Any mismatch in axle speeds beyond a certain threshold will begin locking the front and rear axles together. If one undersized spare is enough to trigger this, it will wear on the clutch pack just like running mismatched tires across a clutch-type LSD.

ultraclyde
ultraclyde PowerDork
1/3/18 9:28 a.m.

In reply to GameboyRMH :

My bad, it's a QuadraTrac, not the II.  It is viscous but the end result is the same.

 

EDIT: This is another reason to put a 242 or 231 in when the 249 dies I guess. Then I could at least run it in 2wd.

GameboyRMH
GameboyRMH MegaDork
1/3/18 9:34 a.m.

Ah the NP249 is indeed a conventional viscous diff. A different sized spare will indeed cause some heat buildup that could eventually lead to binding. You might get away with one slightly undersized spare, since the axle speed mismatch will be very small, but it's a gamble.

rslifkin
rslifkin SuperDork
1/3/18 9:43 a.m.

A used spare of the same size should be ok.  Basically you're going for "as close as humanly possible".  Personally, what I did when I still had a 249 was buy tires in sets of 5 and rotate the spare in with the others.  It meant the spare was always worn the same, never older than the other tires and it wasn't really more expensive as the whole set lasted a bit longer to offset the higher initial cost.  

ultraclyde
ultraclyde PowerDork
1/3/18 9:45 a.m.

Interestingly, after a quick search on car-part.com it seems I can buy a NP242 for the same cost as a matching new spare tire.  

ultraclyde
ultraclyde PowerDork
1/3/18 9:47 a.m.

In reply to rslifkin :

well, I hadn't thought of increased wear decreasing cost in that manner.

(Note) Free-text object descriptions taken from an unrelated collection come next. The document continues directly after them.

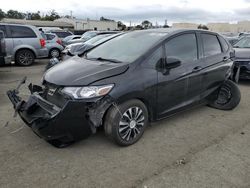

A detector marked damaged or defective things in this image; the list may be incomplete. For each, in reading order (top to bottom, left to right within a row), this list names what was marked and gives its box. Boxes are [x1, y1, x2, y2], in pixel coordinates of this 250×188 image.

damaged front bumper [6, 79, 112, 147]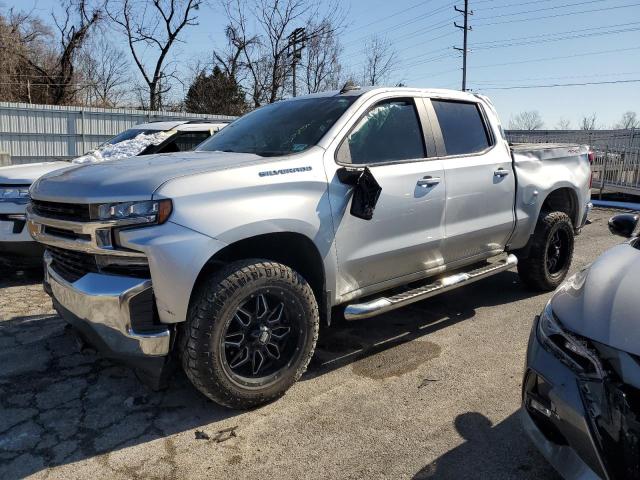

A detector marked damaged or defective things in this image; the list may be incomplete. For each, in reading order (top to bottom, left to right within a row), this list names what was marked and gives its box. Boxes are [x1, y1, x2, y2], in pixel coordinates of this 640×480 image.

damaged door [324, 96, 444, 294]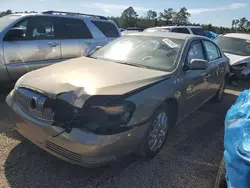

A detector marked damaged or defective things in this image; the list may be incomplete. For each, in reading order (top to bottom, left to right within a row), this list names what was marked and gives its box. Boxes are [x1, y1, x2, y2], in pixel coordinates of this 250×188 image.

damaged front end [12, 86, 136, 135]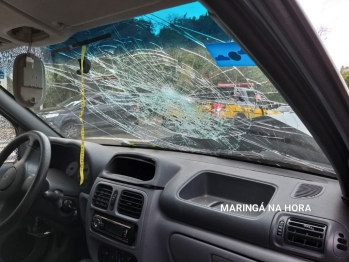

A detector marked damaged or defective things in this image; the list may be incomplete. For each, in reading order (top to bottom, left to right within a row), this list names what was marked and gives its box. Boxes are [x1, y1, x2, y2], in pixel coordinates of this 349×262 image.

shattered windshield [0, 1, 334, 176]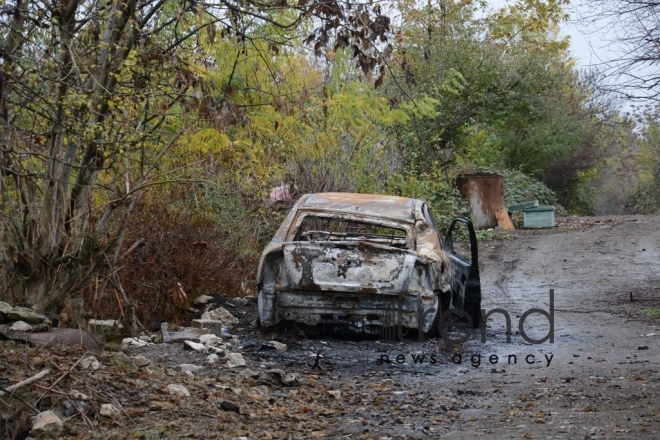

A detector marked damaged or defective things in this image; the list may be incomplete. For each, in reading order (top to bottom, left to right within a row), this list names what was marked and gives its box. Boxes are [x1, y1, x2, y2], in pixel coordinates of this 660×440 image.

burned-out car [256, 192, 480, 334]
damaged vehicle door [258, 192, 480, 334]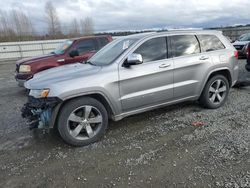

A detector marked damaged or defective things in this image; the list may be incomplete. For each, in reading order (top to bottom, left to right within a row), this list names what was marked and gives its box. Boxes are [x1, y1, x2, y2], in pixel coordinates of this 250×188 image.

damaged front bumper [21, 97, 62, 129]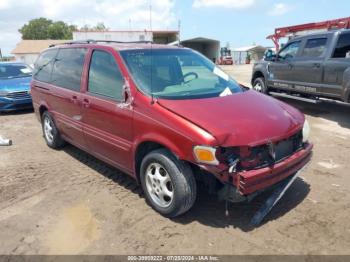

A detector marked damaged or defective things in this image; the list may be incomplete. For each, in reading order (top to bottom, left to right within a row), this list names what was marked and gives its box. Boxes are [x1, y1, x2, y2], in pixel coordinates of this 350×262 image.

damaged red minivan [30, 41, 312, 217]
crumpled front bumper [237, 143, 314, 194]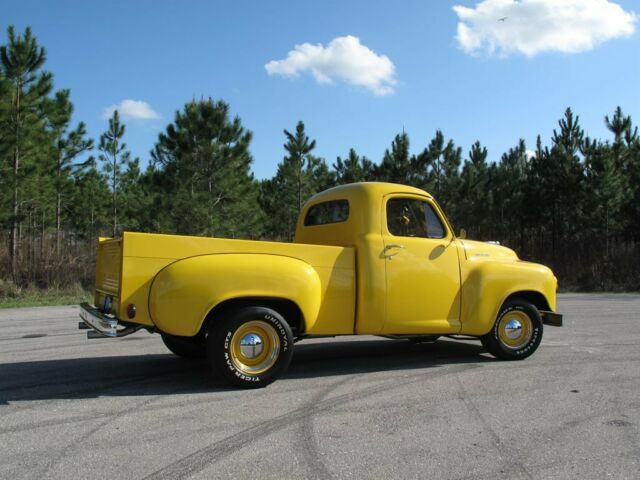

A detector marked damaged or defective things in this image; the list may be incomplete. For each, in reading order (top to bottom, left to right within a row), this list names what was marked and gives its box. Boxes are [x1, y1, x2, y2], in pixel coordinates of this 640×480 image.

cracked asphalt [1, 292, 640, 480]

And it does greatly simplify tire rotations too.

rslifkin
rslifkin SuperDork
1/3/18 9:56 a.m.
ultraclyde said:

Interestingly, after a quick search on car-part.com it seems I can buy a NP242 for the same cost as a matching new spare tire.  

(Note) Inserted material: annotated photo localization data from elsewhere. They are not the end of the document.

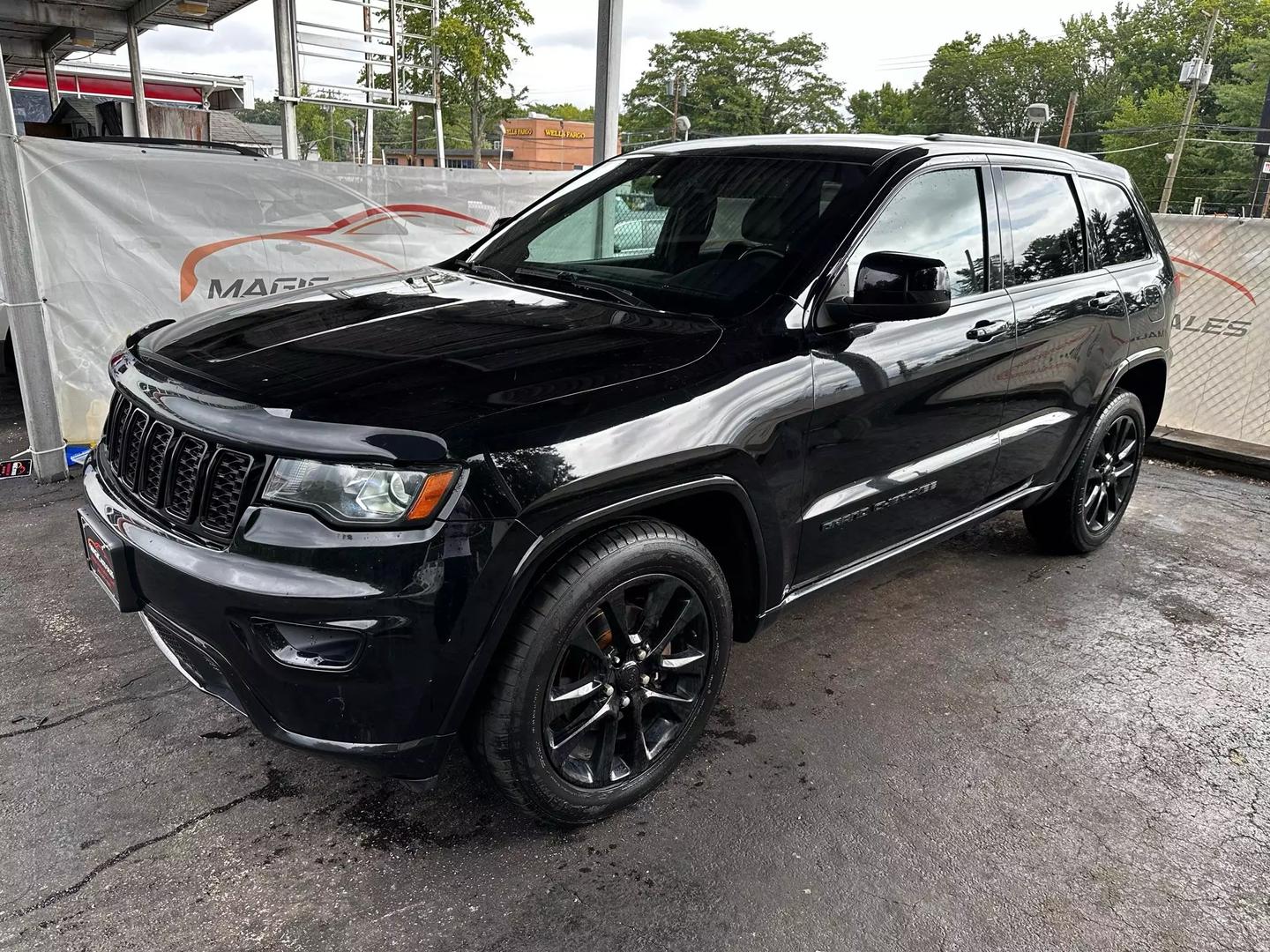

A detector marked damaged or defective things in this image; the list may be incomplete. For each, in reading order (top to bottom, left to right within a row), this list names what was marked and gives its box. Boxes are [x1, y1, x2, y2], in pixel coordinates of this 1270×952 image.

cracked asphalt [0, 376, 1265, 952]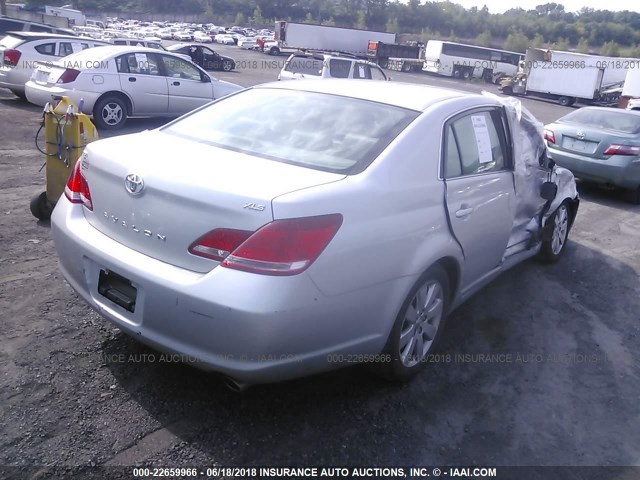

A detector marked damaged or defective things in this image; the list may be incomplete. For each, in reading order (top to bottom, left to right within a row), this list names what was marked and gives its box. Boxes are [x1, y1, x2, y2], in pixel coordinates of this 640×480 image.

damaged silver sedan [51, 81, 580, 386]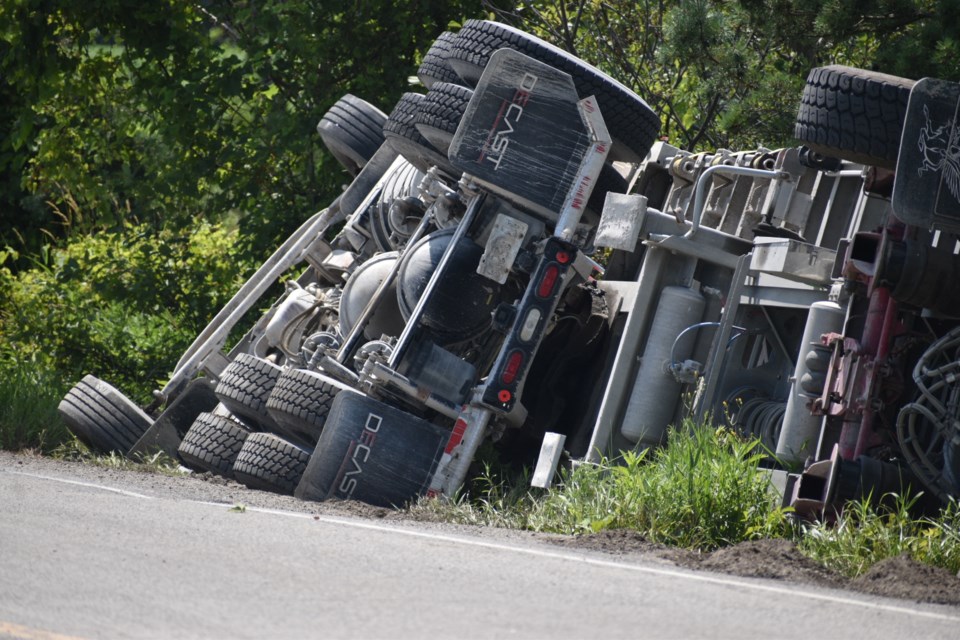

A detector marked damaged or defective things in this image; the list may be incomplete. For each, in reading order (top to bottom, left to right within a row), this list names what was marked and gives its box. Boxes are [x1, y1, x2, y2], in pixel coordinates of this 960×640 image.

overturned truck [58, 21, 960, 520]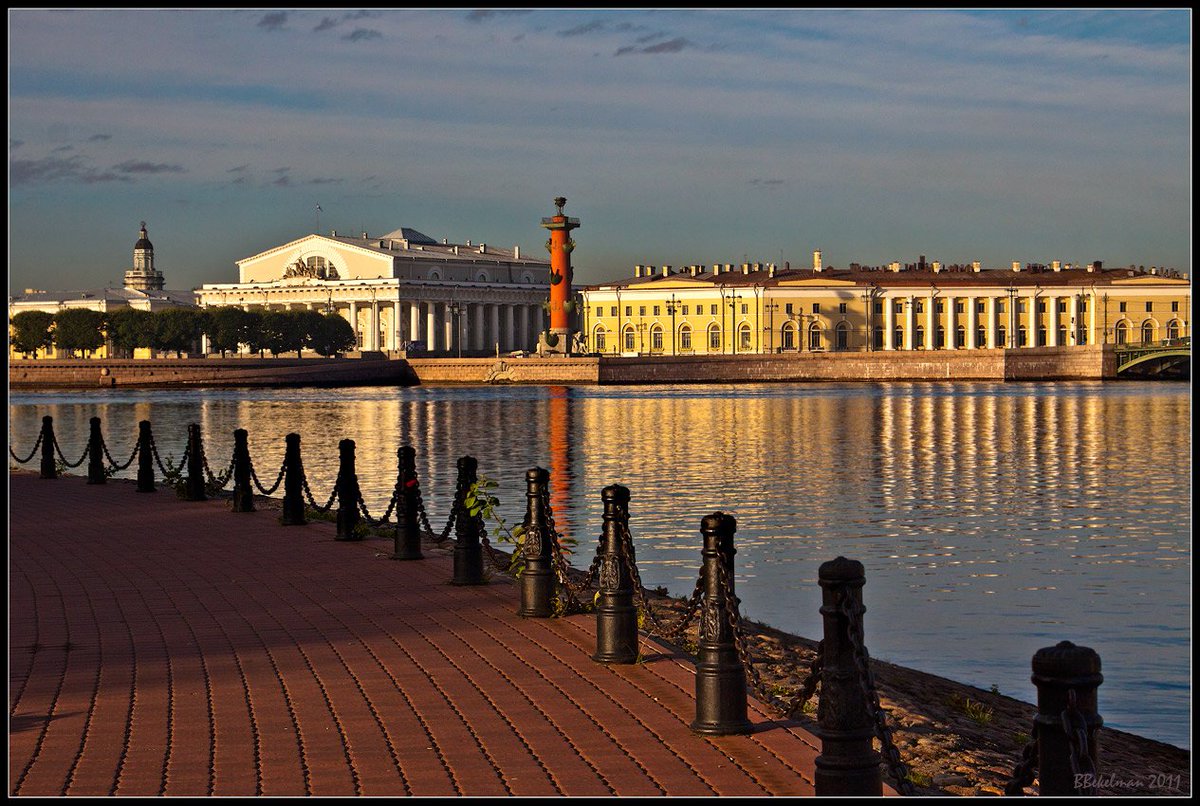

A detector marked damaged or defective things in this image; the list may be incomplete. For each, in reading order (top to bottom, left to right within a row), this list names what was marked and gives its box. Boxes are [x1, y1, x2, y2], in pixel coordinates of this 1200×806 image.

rusty chain [9, 431, 45, 462]
rusty chain [52, 436, 90, 470]
rusty chain [100, 434, 138, 472]
rusty chain [710, 563, 825, 719]
rusty chain [840, 587, 912, 796]
rusty chain [1003, 724, 1041, 791]
rusty chain [1065, 686, 1099, 791]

If you do the swap, I'd say go with a 231.  The fulltime mode in the 242 is an open center diff, so it's relatively useless IMO.  And the 231 shifts in / out of 4wd a lot better than the 242.  Plus, the 231 is 20 lbs lighter than the 96 - 98 249 or any 242, so it gains more racecar points.  

ultraclyde
ultraclyde PowerDork
1/3/18 10:05 a.m.

The 231 swap takes a little more work, but it is a better unit.  Speaking of tcases and since I have your attention here's another question: The 249 works fine right now at 160k miles. I've got 2 bottles of the correct, 249 specific fluid to do a fluid change. IF the fluid has ever been changed (which I doubt) what are the chances I add the new fluid and the fresh friction modifiers cause it to start locking all the time? I know that the mileage puts it near the end of its service life, but I'd like to avoid the swap for a while. I'm hesitant to change the fluid even though I'm sure it "needs" it.

GameboyRMH
GameboyRMH MegaDork
1/3/18 10:09 a.m.

You can't make a viscous diff lock more aggressively than stock with fresh (stock) fluids.

Streetwiseguy
Streetwiseguy UltimaDork
1/3/18 10:15 a.m.

I swapped a 242 into my old Commanche specifically to get the open full time position.  Living in a snowey land, it is fabulous to pull it into AWD in November and back into 2WD in April.  It does have the 4wd lock position too for the times you really need it.

rslifkin
rslifkin SuperDork
1/3/18 10:20 a.m.

The viscous coupler is sealed within the t-case, so a fluid change won't affect it at all.  The t-case fluid just lubes the gears, bearings and chain.  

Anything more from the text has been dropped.